If done in the middle of an Oriental set, it is okay to wear a normal Oriental dance bedlah. Some dancers like to wrap their veil or skirt to make it appear more galabeya like. In Egypt they often do a costume change into a folkloric costume for one portion of their show, sometimes in the women’s style, and also sometimes in the men’s style (ex. Fifi Abdo) often complete with a little hat, turban or tarboush. If the dancer chooses a galabeya they wear a scarf at the hips to accentuate the movement. They might also wear a specially designed costume with glitz as well as with Saidi references, such as Assuit fabric, a crescent moon necklace or belly drape, evil eye designs, a scarf on the head sometimes with flowers or pom poms. There are many possible variations including 2 piece costumes, vests and pants.
Baladi dancing with a cane or assaya does not necessarily always represent a Saidi tradition. The baladi dancer might incorporate a cane or stick into her performance just for fun. She would use it in whatever baladi song suits her, like a baladi taksim or another song, and in whatever manner she chooses; sometimes showing off her skill with the cane, sometimes just being flirty and fun. She might put on a man’s tarbush or she might tie a scarf around her hips. The baladi dancer would wear a galabeya or whatever clothing happens to be in fashion at the time and she would dance in the baladi style. There is a lot of similarity and overlap in the movements to those directly referencing more of a Saidi tradition, but I find the dfferent context and interpretation enough to be notable.
The Lebanese version of this dance is derived more from the Lebanese Dabkeh. It incorporates elements from Dabkeh dancing and has a little bit of a showoff quality to it.

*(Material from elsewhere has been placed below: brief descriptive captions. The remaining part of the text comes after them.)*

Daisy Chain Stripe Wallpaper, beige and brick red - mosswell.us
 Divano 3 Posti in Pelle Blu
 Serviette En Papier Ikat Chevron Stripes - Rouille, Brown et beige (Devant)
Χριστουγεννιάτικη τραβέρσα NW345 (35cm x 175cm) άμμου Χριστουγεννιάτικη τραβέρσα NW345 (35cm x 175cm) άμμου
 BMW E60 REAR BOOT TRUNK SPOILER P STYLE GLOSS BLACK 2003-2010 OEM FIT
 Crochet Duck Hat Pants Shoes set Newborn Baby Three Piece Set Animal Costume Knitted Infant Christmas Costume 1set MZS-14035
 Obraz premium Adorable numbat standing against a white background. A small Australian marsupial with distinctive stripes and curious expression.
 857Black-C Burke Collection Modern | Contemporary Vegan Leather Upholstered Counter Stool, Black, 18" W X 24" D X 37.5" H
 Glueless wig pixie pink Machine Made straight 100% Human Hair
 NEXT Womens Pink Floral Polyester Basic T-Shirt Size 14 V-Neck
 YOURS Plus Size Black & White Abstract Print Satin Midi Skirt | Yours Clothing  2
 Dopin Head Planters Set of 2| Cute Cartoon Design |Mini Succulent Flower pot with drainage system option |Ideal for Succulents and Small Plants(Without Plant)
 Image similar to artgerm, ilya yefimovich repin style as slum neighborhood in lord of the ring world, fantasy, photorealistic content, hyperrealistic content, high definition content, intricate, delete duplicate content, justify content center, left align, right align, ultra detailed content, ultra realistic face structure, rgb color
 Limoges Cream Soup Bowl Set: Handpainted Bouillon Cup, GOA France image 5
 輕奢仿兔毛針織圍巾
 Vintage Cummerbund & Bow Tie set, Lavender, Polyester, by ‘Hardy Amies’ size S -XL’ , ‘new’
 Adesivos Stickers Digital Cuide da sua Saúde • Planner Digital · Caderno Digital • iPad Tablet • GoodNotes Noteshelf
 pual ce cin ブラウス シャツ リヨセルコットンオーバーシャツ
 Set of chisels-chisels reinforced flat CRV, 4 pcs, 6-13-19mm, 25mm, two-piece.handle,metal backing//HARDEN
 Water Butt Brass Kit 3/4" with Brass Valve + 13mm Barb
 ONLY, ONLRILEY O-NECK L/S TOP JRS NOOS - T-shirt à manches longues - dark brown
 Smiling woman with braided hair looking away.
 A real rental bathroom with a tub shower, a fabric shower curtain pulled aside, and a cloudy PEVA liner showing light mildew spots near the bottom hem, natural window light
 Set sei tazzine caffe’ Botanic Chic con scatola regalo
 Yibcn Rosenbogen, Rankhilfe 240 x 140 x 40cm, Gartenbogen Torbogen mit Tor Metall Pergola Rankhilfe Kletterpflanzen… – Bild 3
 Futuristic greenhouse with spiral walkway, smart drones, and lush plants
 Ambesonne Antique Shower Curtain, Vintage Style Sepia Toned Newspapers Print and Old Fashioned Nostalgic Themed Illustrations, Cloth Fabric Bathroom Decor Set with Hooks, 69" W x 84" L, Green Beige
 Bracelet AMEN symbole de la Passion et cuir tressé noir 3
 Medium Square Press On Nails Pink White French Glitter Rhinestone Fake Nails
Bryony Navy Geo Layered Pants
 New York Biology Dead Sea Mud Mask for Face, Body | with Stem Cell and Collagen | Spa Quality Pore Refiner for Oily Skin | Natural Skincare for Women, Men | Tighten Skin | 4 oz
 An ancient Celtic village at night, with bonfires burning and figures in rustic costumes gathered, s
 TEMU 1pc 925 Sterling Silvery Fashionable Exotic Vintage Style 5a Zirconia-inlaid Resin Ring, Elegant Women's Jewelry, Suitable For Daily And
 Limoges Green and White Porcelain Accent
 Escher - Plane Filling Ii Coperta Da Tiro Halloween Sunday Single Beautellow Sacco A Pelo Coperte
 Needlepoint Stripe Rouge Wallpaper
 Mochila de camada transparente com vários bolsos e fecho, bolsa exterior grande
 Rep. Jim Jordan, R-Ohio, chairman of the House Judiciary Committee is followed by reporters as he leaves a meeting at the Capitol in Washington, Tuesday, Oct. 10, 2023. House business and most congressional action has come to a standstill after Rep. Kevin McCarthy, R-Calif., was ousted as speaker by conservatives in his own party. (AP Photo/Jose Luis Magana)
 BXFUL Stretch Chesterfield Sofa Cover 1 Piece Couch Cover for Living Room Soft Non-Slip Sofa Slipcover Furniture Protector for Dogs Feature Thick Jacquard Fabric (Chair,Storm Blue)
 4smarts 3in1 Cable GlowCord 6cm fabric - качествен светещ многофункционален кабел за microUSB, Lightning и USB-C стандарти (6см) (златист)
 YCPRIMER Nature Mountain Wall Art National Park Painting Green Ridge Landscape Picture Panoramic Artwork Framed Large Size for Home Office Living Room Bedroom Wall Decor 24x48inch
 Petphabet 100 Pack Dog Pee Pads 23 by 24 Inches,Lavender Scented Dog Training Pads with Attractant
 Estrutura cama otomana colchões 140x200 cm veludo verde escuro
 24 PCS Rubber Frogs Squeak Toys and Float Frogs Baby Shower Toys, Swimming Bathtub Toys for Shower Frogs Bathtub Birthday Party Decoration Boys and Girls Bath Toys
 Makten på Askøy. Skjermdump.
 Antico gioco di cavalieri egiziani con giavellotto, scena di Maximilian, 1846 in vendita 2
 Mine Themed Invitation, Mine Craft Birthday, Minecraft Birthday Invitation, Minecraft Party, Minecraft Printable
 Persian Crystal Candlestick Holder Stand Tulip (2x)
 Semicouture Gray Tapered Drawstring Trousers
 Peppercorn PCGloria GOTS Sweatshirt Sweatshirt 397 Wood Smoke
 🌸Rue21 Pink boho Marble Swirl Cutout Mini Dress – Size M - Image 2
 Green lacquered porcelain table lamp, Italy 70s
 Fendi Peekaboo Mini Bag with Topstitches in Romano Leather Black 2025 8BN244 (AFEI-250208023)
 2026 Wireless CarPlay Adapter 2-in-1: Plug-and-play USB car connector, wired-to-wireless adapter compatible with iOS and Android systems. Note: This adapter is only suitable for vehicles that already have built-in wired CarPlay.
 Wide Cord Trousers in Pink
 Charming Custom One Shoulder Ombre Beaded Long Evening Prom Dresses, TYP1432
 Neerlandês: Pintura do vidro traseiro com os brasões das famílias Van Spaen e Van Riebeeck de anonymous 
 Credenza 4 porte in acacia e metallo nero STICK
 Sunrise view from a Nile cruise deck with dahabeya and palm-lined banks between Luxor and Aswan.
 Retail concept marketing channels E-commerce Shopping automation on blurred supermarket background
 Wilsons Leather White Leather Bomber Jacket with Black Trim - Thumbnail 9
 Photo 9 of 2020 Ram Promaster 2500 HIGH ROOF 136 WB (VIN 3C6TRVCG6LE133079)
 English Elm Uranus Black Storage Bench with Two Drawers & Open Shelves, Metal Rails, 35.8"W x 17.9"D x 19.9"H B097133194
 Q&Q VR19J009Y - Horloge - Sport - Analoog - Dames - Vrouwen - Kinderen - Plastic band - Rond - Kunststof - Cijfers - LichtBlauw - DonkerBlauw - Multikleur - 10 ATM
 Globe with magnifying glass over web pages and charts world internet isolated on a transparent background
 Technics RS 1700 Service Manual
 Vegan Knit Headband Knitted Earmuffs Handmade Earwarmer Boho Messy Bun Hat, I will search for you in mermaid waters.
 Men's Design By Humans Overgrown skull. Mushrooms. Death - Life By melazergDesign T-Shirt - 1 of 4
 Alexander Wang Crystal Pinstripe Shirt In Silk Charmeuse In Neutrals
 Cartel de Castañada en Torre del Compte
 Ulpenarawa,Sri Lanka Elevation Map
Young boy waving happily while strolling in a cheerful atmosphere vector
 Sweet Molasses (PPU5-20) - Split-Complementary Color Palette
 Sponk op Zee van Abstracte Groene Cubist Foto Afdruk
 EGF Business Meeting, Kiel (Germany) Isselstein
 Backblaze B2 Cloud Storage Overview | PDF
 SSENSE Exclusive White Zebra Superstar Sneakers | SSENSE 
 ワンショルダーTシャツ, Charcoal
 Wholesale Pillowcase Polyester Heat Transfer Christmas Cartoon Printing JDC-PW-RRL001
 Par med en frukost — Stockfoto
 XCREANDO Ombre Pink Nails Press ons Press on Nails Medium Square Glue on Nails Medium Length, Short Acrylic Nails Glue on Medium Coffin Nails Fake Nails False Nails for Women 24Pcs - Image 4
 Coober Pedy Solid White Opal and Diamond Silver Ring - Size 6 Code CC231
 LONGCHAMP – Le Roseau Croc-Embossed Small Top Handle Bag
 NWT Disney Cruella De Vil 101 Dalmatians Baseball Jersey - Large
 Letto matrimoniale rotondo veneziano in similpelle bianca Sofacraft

It is performed to music appropriate for Dabkeh as opposed to Saidi or Baladi music. Often the dancer will use a very slender crooked bamboo cane that she can spin really quickly or a crooked cane similar to the one used by Egyptians. The dancer often has a tabl balady (tavul) player follow her around and sometimes several more musicians as well. Since one of the most common rhythms in Dabkeh, Nawari, is very similar to Saidi, you will find that some bands when playing an assaya number for the dancer will mix some Nawari & Saidi songs and play them interchangably. One example of this is the famous song “Shashkin” aka “Ya Ein Mouletain”, which is traditionally a Nawari rhythm, but is often played in a medly with songs like “Ala Nar” which is traditionally played with a Saidi rhythm.
All three styles, Saidi, Baladi and Lebanese will use similar movement patterns, but they each have their own unique elements as well. The ghawazee in Egypt also dance with canes in their own unique way, and you may come across other men’s or women’s dances done with sticks or staffs in the Middle East. As an Oriental dancer, it is important to at least be familiar with Saidi, Baladi and Lebanese approaches to dancing with an assaya.